Self-Disclosure: (Some of) The Things We Wish Our Therapists Would Share
I’m someone who loves to learn things the hard way. I’m that person who has to make the same mistake (usually more than once!) before I wise up.
Stayed in relationships and jobs past their expiration date?
Check!
Tried to find comfort by binging on cake and/or Netflix?
Of course!
Other things I’m not quite ready to tell you this soon, but will share later?
You betcha.
In fact, I was so good at doing things the wrong way, that after learning way too many lessons, I decided to make a career out of it. Yes, I became a therapist so I could put all these lessons to good use. After all, isn’t it better that I make mistakes so you don’t have to?
See, before becoming a therapist, I lived a very different life.
One that didn’t serve me or anyone around me.
I grew up in a suburb outside of New York City in a family that valued high achievement. Like many, I was taught that success is an external thing you pursue. An esteemed job you can brag about is like the Holy Grail for many in my culture, and I bought into that concept hard. Eventually I learned what success and happiness really meant, but it wasn’t until I exhausted every other option.

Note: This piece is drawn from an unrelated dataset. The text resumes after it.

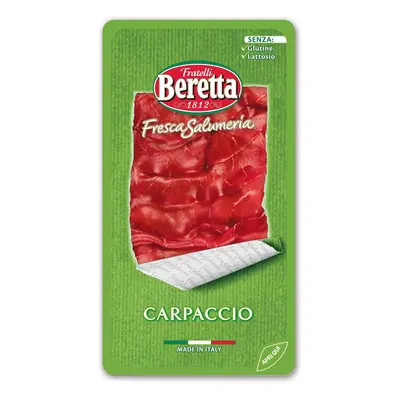 Fratelli Beretta Hovězí Carpaccio F.S.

Continuing the theme of seeking happiness outside myself, I began a love-hate relationship with medication at age 14. Anti-depressants, mood stabilizers, ADD meds, sleep aids. You name it, I took it. At that age, no one taught me the thinking and coping skills I probably should have known.
I loved having a diagnosis; it was a label that could define me and explain the way I felt. While the label changed depending on when or whom you asked, it comforted me. On some level, it made me feel understood, but it also made me feel stuck. I felt like I had no choices, and this was “just who I am.” Not surprisingly, things got worse. Beyond the constant medication changes and side effect balancing game, it confirmed my belief that true happiness was an external thing I had to “get.”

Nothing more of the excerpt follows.